The question of the attribution of proprietary rights is all the more delicate as the concepts of ownership are very different from one continent to another. Both in France and in the European Union, we have a personalist approach: individuals have rights over their personal data. This does not boil down to the protection of a mere economic value, as proposed by the American « pragmatic » approach.

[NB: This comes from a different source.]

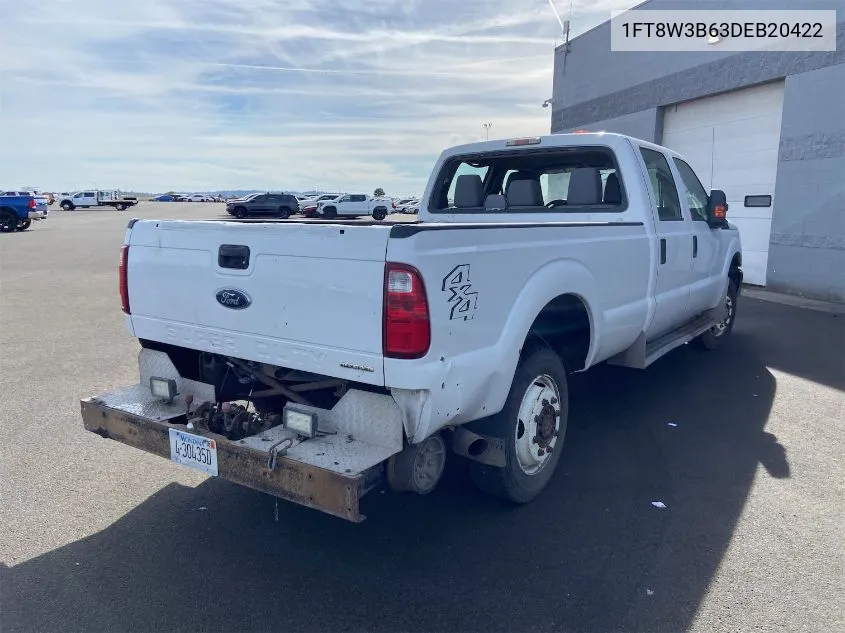 2013 Ford F-350 Xl VIN: 1FT8W3B63DEB20422 Lot: 40653635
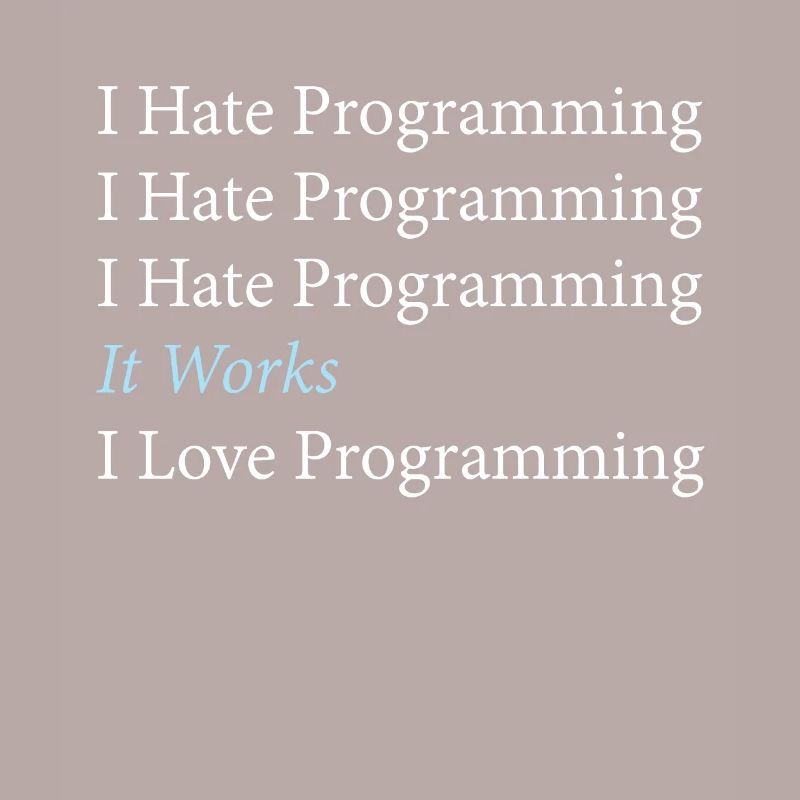 I Hate Programming Programmierer Coding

Thus, our conception is not particularly propitious to a proposal of patrimonialization. The French Senate report entitled « Privacy in the age of digital memories. Towards greater trust between citizens and the information society » had already ruled out the possibility of granting proprietary rights to individuals in 2009, referring to the risk of merchandising personality attributes. By considering that a data, in the same way as a kidney or a lung, would be an emanation of our person, it could thus be forbidden to trade it. This is why some defend the idea of using the legal rule of the unavailability of non-commercial things for data, just as the unavailability of the human body prohibits anyone from trading in all or part of his or her body.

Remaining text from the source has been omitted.